Tuve la fortuna de enviar y que expertos de la Fundación Gabo atendieran, una consulta sobre los retos y los problemas actuales del periodismo. Ocurrió apenas en febrero pasado, cuando expuse el hecho que los periodistas, que por naturaleza son promotores de la libertad y que deben ejercer la crítica con responsabilidad, pasen de ese ejercicio libertario a ocupar cargos públicos en gobiernos surgidos tras elecciones donde la participación de esos periodistas fue clave para el resultado.

Pregunté concretamente: ¿Es ético que los periodistas que han sido generosos en atender la agenda de la oposición, al triunfo de ésta se les proponga a dirigir medios públicos como la agencia informativa de Estado? Más allá de la calidad del trabajo de esos periodistas, por el sólo hecho de haber resaltado temas a conveniencia de la oposición, ¿existe conflicto de interés entre el periodista y su nuevo potencial empleador?
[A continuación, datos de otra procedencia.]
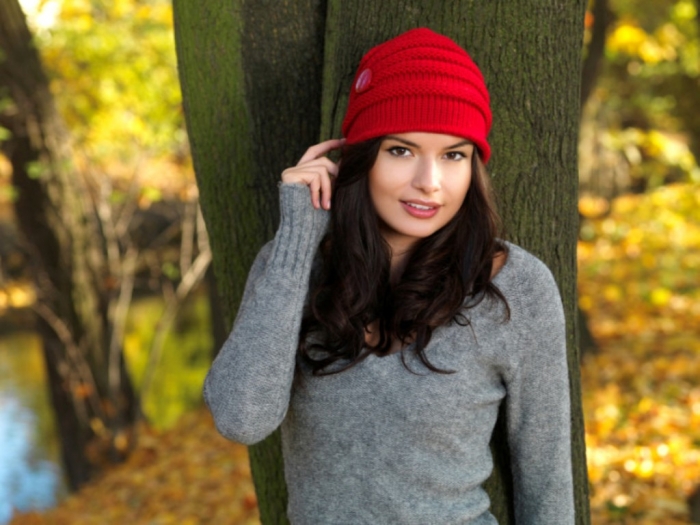 Smiling-brunette-wearing-red-beanie-hat-fall-scene-700x525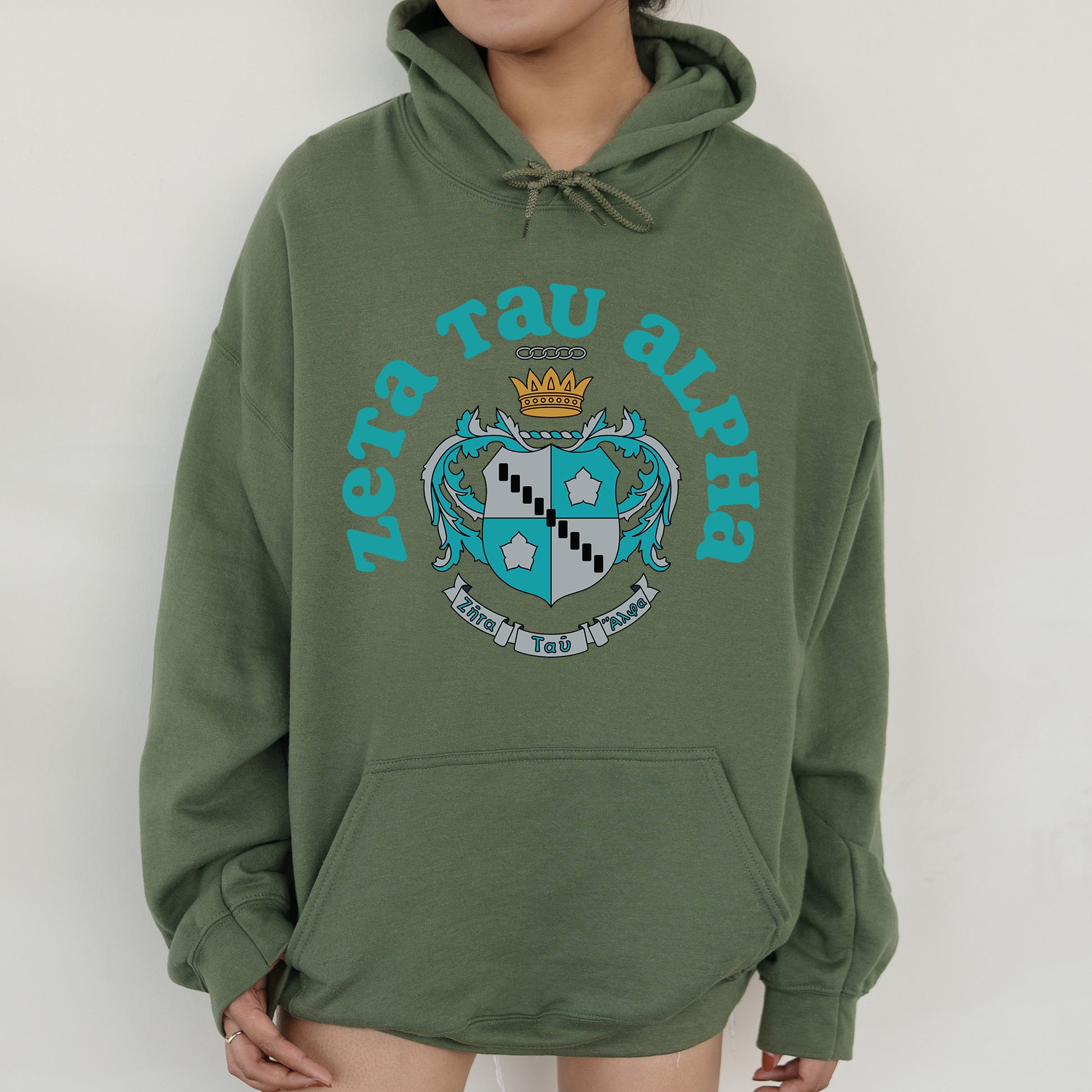 a person wearing a green hoodie with a crown on it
Y voy un poco más allá: ¿deben los periodistas aceptar trabajos en el gobierno después de opinar en contra de los adversarios del mismo, es decir, de su empleador?

Aunque otros expertos en ética periodística tuvieron a bien dar su opinión sobre mi inquietud, como fue el caso de Jorge Cardona y Gumersindo Lafuente, quiero detenerme en la respuesta del hoy ausente pero siempre bien respetado Javier Darío Restrepo, quien, a mi planteamiento, respondió:

“Los periodistas que han vivido esos ofrecimientos de cargos oficiales, saben y testimonian que el primer conflicto que enfrentan es el de su independencia. ¿Qué espera de él quien le ofrece el cargo? ¿Qué sea un propagandista? ¿Qué sea un periodista? Dos profesiones distintas y divergentes. El propagandista atrae adeptos y los retiene; el periodista informa para todos y se propone ser creíble.
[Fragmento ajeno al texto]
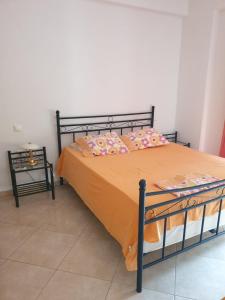 a bed with orange sheets and pillows in a room at Εξοχικό Σταμάτη in Lóngos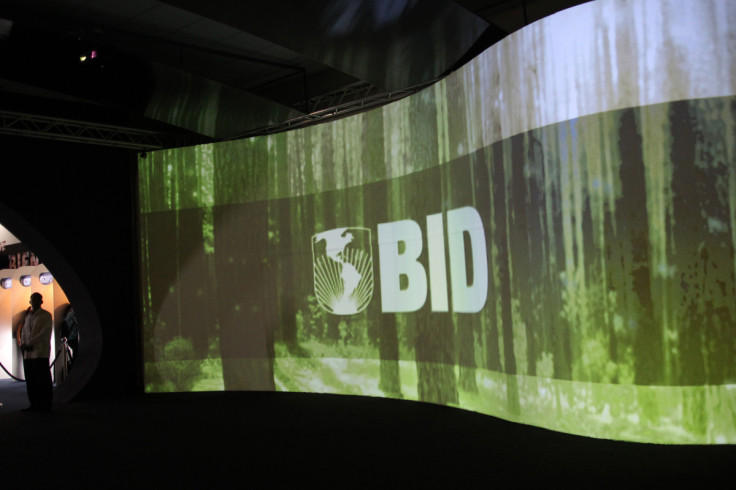 A man stands next to a screen with the logo of Banco Interamericano de Desarrollo (BID) at the Atlapa Convention Center in Panama City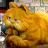 A 48x48 pixel animated buddy icon featuring Garfield the cat in two frames: a close-up of his face on the left and promotional text with his headshot on the right, both rendered in low-resolution pixel art style.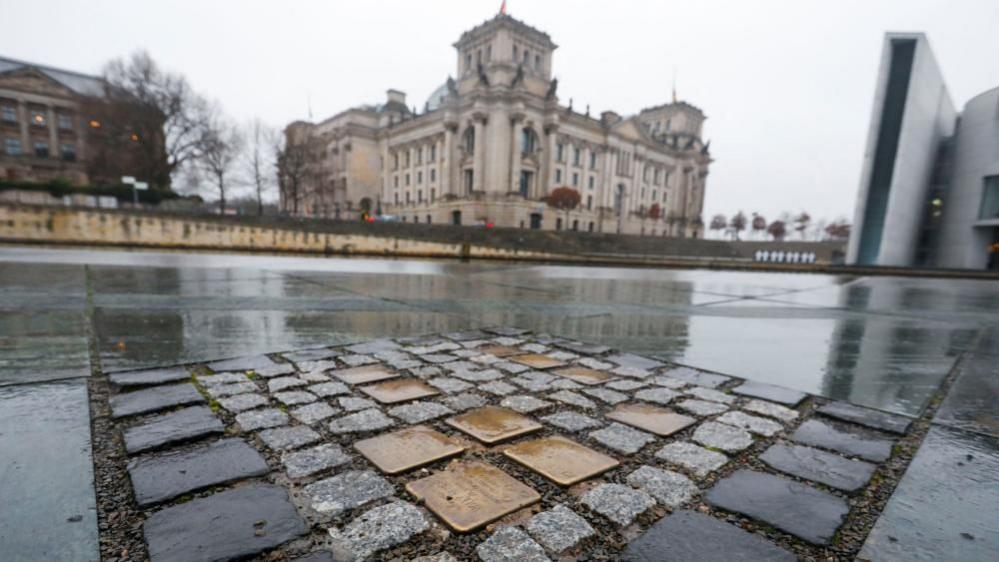 Ten brass plaques are placed among street stones on the floor in Berlin. In the background the Reichstag building can be seen.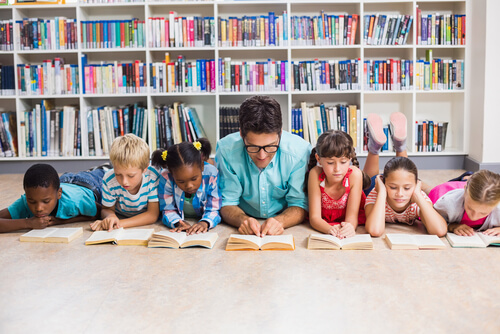 Profesor con sus alumnos leyendo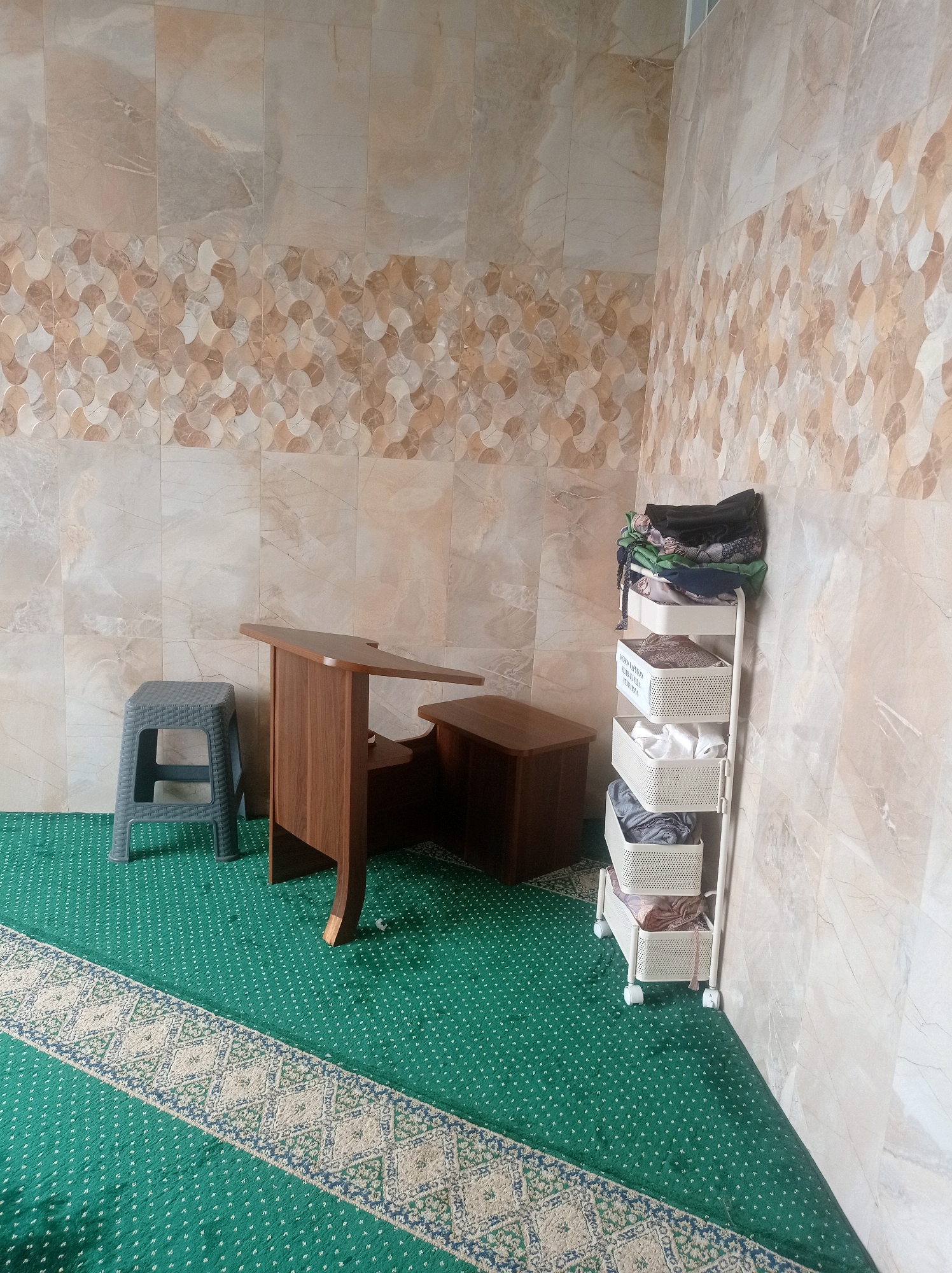 The image depicts a corner of a room, possibly a prayer room or a small study area, with tiled walls and a green carpet. On the left, a grey plastic stool sits next to a wooden desk with a carved edge. To the right of the desk is a smaller wooden cabinet. A white rolling cart filled with folded clothes and textiles stands against the wall on the right. The wall tiles are a neutral tone with a decorative border of circular patterns. The green carpet has a repeating small white pattern and a decorative border with diamond shapes. The overall impression is of a functional, clean, and modestly furnished space. There are no people visible in the image, and no specific location in Bandung City, Indonesia can be identified from the visual cues alone.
Esos dos objetivos: el del periodista y el del propagandista no se pueden unir en una sola persona porque uno, el del propagandista o publicista, es incompatible con el periodista.
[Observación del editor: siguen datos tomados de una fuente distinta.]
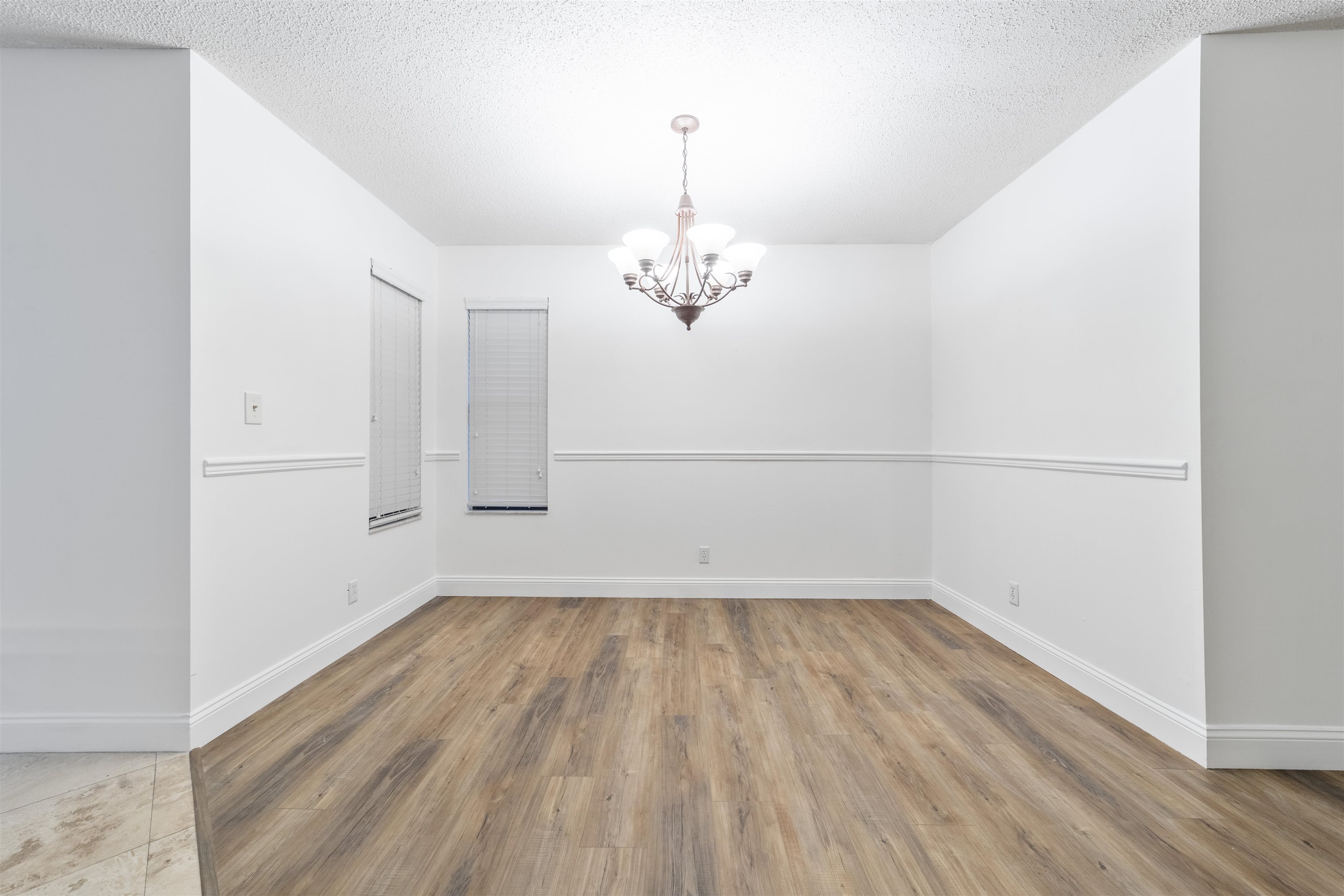 111 Lobelia Road St. Augustine, FL 32086 - Photo 13 of 46 a view of a room with wooden floor and a window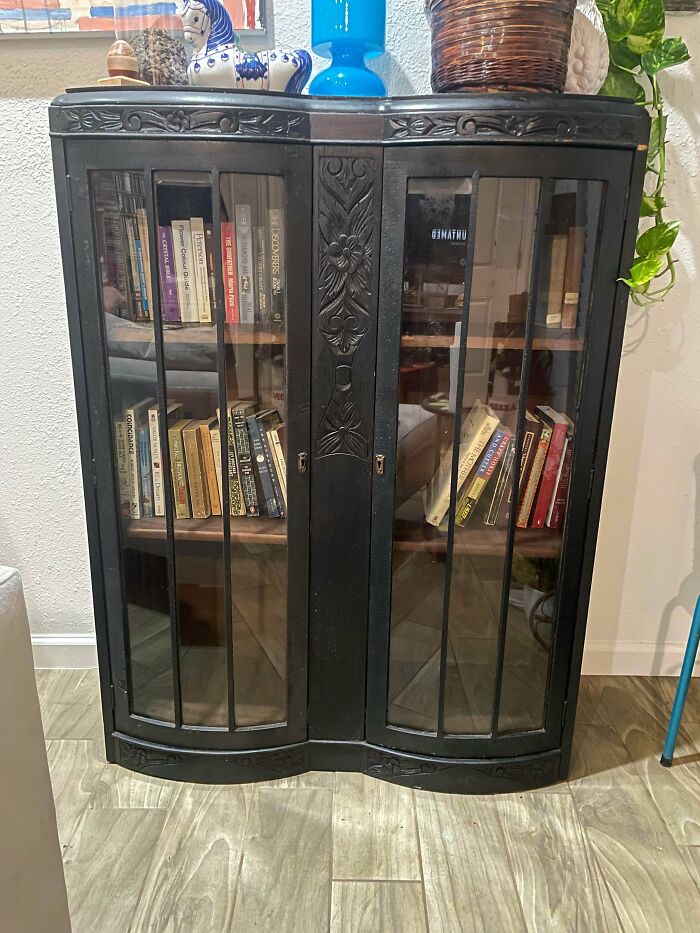 An elegant, vintage dark wood display cabinet with glass doors, a jewel among thrift store finds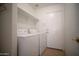 Practical laundry room with washer, dryer, shelf and easy access to the outside at 19961 N Coyote Lakes Pkwy, Surprise, AZ 85378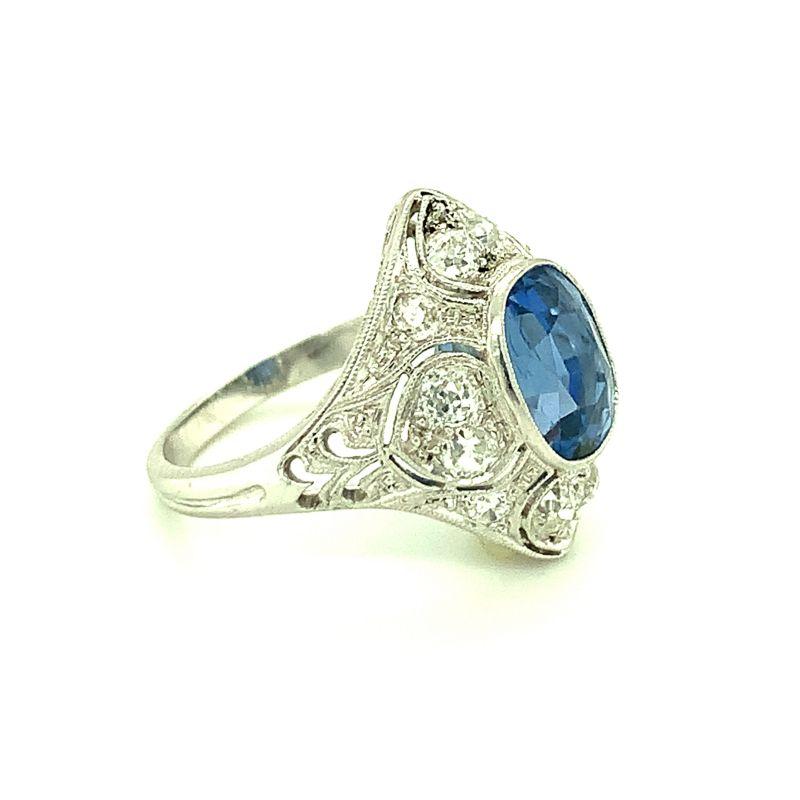 One Edwardian sapphire and diamond platinum ring featuring a marquise-shaped design mount centering one oval sapphire weighing 3.50 ct. Enhanced by twelve old European cut diamonds totaling 0.75 ct. Circa 1910.

Enthralling, mesmerizing,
A ese dilema se agrega otro: ¿a quién sirvo? ¿Al que me paga o al que me lee? Para ser coherente deberá servir a su lector pero esta posición puede ponerlo en conflicto con el que lo ha contratado.

Gobernantes y políticos suelen pagar favores con cargos, bajo la convicción de que así tendrán de su lado y a cargo de sus asuntos, a incondicionales. Y es aquí en donde aparece el conflicto mayor: el periodista no es incondicional de nadie, salvo de los que reciben su información que, a su vez, reclaman de él para creerle una total independencia. El periodista es alguien que ni se vende, ni se compra porque, más que el aire que respira, necesita independencia”.

El texto es aleccionador y sin proponérselo, exhibe la realidad que viven periodistas mexicanos como Jenaro Villamil, hoy director del Sistema Público de Radiodifusión del Estado Mexicano, y Sanjuana Martínez, la directora de Notimex. Ambos otrora férreos críticos del poder, han sacrificado su profesión y su independencia para convertirse en apologistas de un gobierno en el que no se están cumpliendo las reglas éticas mínimas de la comunicación y de la transparencia, además de que como lo hacían sus antecesores, constantemente vuelcan el poder público para cuestionar a sus adversarios o simplemente para defender al presidente que les dio empleo.